# Delta Restoration Paint



## ChipperOfWood (Oct 18, 2012)

As many of you know I am in the process of restoring a 1955 wood cutting band saw. Parts of it are cleaned up and ready for paint so I am wondeering what you folks use for paint. I know Rustoleum seems to be popular on another forum I belong to.
Sherwin-Williams seems to be another.
What do most of you use? Colors and numbers would help if you have them.

Charlie


----------



## Steve Neul (Sep 2, 2011)

ChipperOfWood said:


> As many of you know I am in the process of restoring a 1955 wood cutting band saw. Parts of it are cleaned up and ready for paint so I am wondeering what you folks use for paint. I know Rustoleum seems to be popular on another forum I belong to.
> Sherwin-Williams seems to be another.
> What do most of you use? Colors and numbers would help if you have them.
> 
> Charlie


You might be able to get the color if you have a small part you can take off. Sand the surface a little to cut the years of dirt off and put some clear coating on it. Then take the part to a paint store for them to computer match.


----------



## Tom-G (Nov 11, 2012)

You may want to take a sample of the original paint to an automotive paint supply store. They may be able to match it or find something close to mix from the thousands of paint chips they typically have available. They will also be able to advise on the best primer and type of paint for the top coat.
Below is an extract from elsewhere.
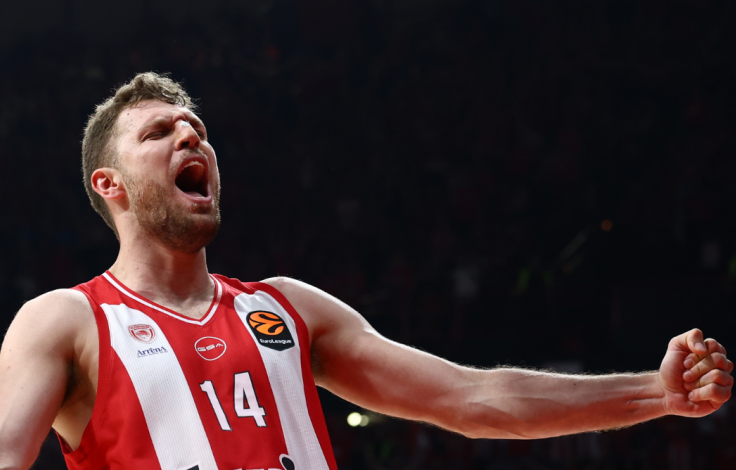 vezenkov-oly-euroleague-final-4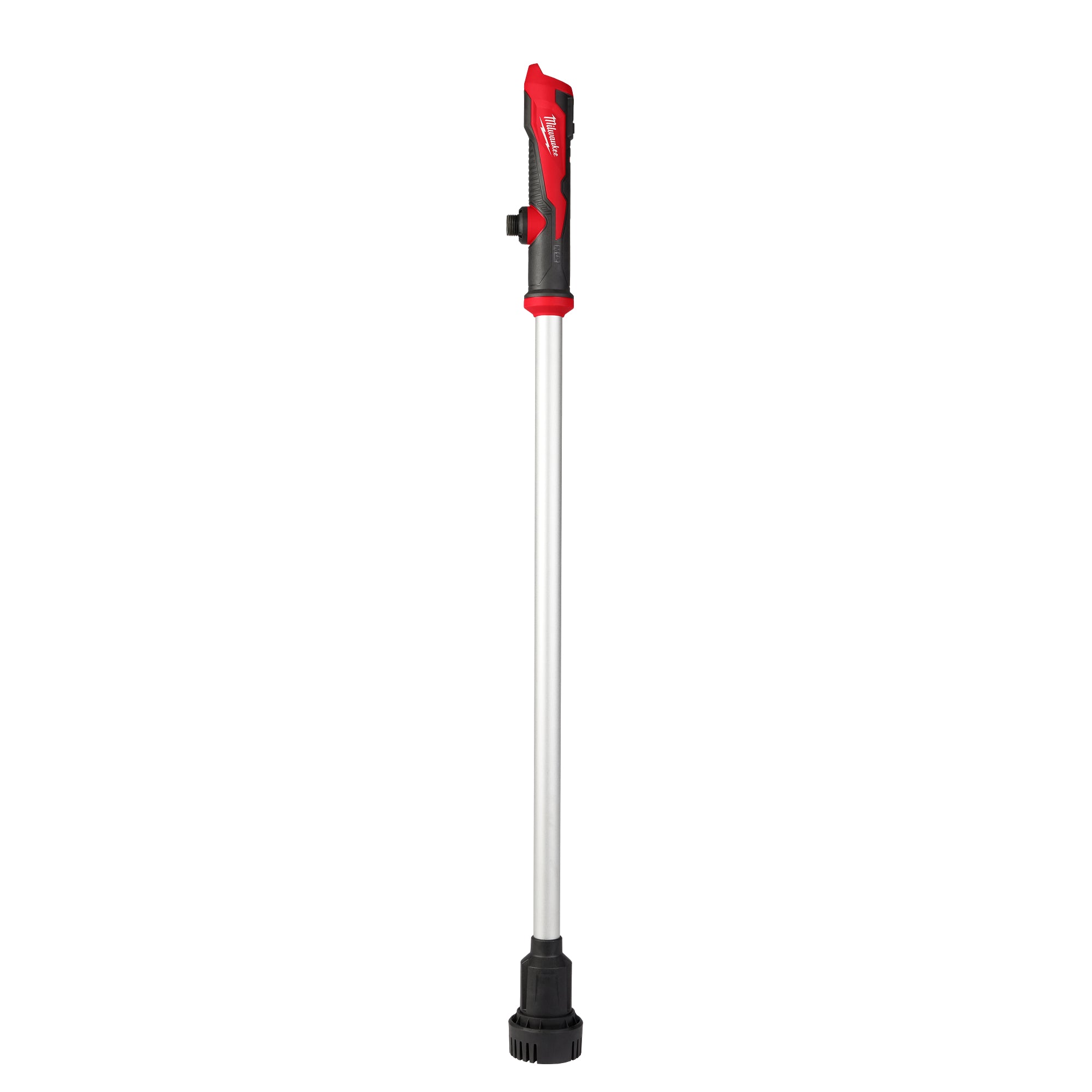 POMPE DE TRANSFERT SUR TIGE M12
Some of them can also put the custom mixed paint into spray cans if needed.


----------



## ChipperOfWood (Oct 18, 2012)

Thanks guys. The problem is that it appears that a PO paiinted this saw with who knows what. I am just looking for what some others may have painted similar tools by Delta. 

Charlie


----------



## rustbucket (Nov 13, 2009)

Honestly, you don't have a numbers matching '67 Corvette with a L-88 427 here. Paint it whatever color you like. I personally like Rustoleum in spray cans for machinery. I kinda like the look if the Hammerite finish.


----------



## Steve Neul (Sep 2, 2011)

Maybe this site would help. http://wiki.vintagemachinery.org/PaintColorsDelta.ashx


----------



## dodgeboy77 (Mar 18, 2009)

Rustoleum Smoke Gray was a real close match for my Unisaw. I have a Delta/Rockwell RAS with a darker gray that Rustoleum Dark Machinery Gray matches. Multiple coats of rattle-can Rustoleum applied properly give a nice finish.
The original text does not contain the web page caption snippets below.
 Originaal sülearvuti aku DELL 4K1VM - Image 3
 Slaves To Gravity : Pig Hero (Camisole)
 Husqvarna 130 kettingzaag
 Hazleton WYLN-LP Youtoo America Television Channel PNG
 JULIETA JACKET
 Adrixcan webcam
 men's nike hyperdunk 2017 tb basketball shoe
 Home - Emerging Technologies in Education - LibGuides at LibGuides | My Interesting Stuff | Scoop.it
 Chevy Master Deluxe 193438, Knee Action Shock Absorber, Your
Don't go crazy trying to get an exact paint match for your Delta machine as Delta didn't. It's not like finding an exact paint match for a 1962 Ferrari or something because as I understand it, Delta wasn't too careful about mixing exact colors. I read a story once about a guy who had a shop full of original Delta tools of the same vintage and they were all different shades of gray.

Than again, if you feel like painting it orange, go ahead! It's your lathe.

Bill


----------



## GeorgeC (Jul 30, 2008)

rustbucket said:


> Honestly, you don't have a numbers matching '67 Corvette with a L-88 427 here. Paint it whatever color you like. I personally like Rustoleum in spray cans for machinery. I kinda like the look if the Hammerite finish.


" Paint it whatever color you like. " Completely agree. It is your tool, you will be using it. Color should be your choice.

George


----------